Have you been to the holy city of Jerusalem? And have you been to the Garden Tomb? Have you? You won’t see the body of Jesus in that grave. “He is not here,” said the angel, “He has risen from the dead!” [Matthew 28:6-7]. And with what triumph does the Christian announce to the world, “My Savior lives!” “He lives, He lives! Salvation to impart.” Glory, glory, glory! Jesus is alive [Revelation 1:18].
And as He rules the world in love, and in grace, and in mercy, and in love, and in forgiveness; more and more and more of the earth comes to know Him and bow in His living presence.
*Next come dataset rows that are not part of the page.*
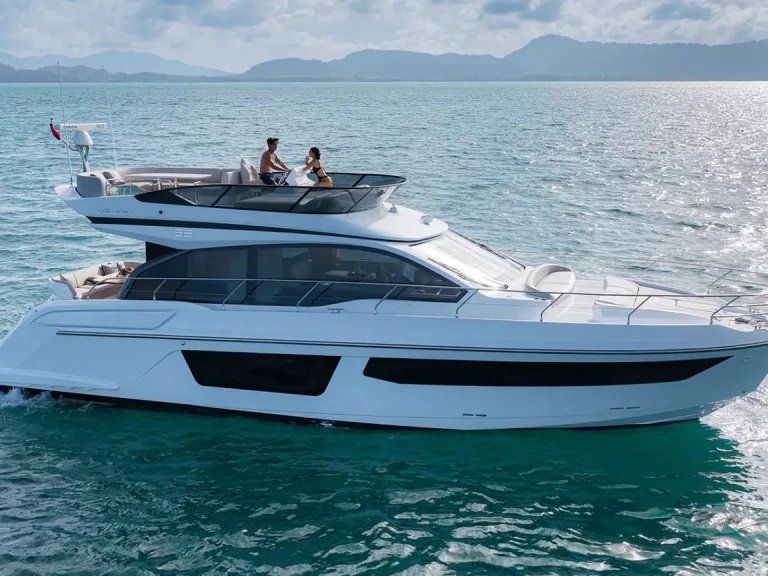 Noleggiare una Azimut Azimut 53 Fly a Trogir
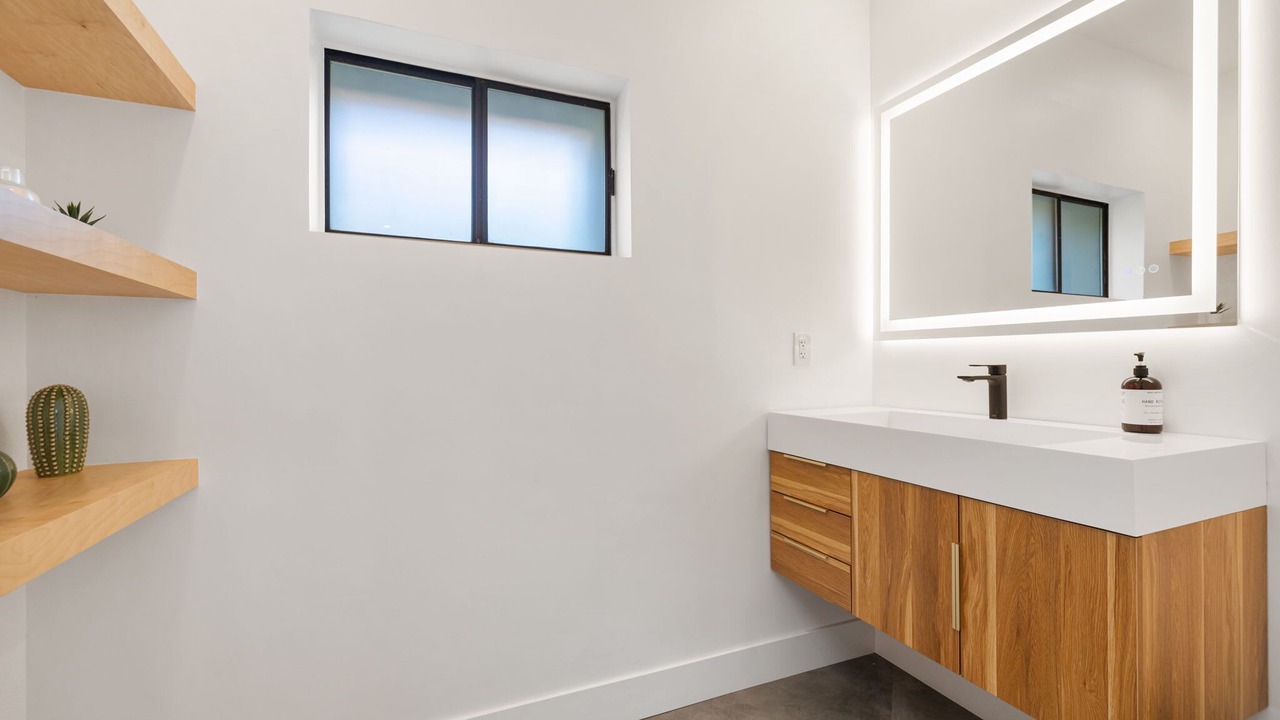 Photo of Bathroom in Sunrise Vista Chino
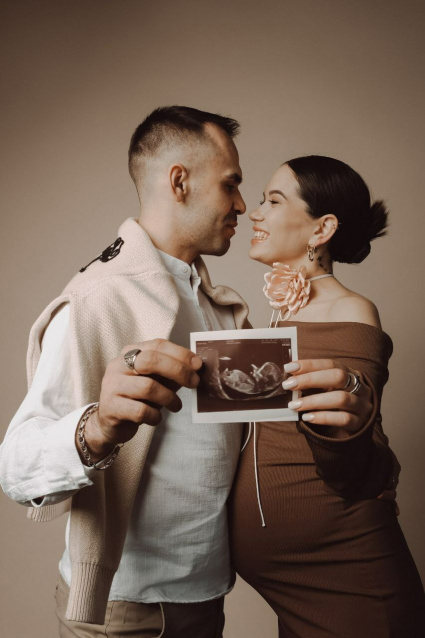 Заказать фотосессию для беременных в студии от компании Fashion Box в Томске
 – фото № 15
And someday, “Every knee shall bow . . . and every tongue shall confess that He is Lord, to the glory of God our Father” [Philippians 2:10-11].
He rules the world. He is alive! He is alive. And that is the most marvelous, triumphant avowal that human ear ever heard, and human tongue could ever speak, or voice could ever say: Jesus lives!
Denny, we are going to sing us a hymn. And while we sing it, a family you to come into the fellowship of our dear and precious church—welcome. A somebody you, to give himself in faith to the Lord Jesus, “I take Him as my Savior tonight.” Come. To answer the call of the Lord God in your heart, as God shall speak, make the decision now. And when you stand up, that first step you take will be the most precious and meaningful in your life. On the first note of the first stanza, come. God bless you in the way. Make it the greatest moment of your life, while we stand and while we sing.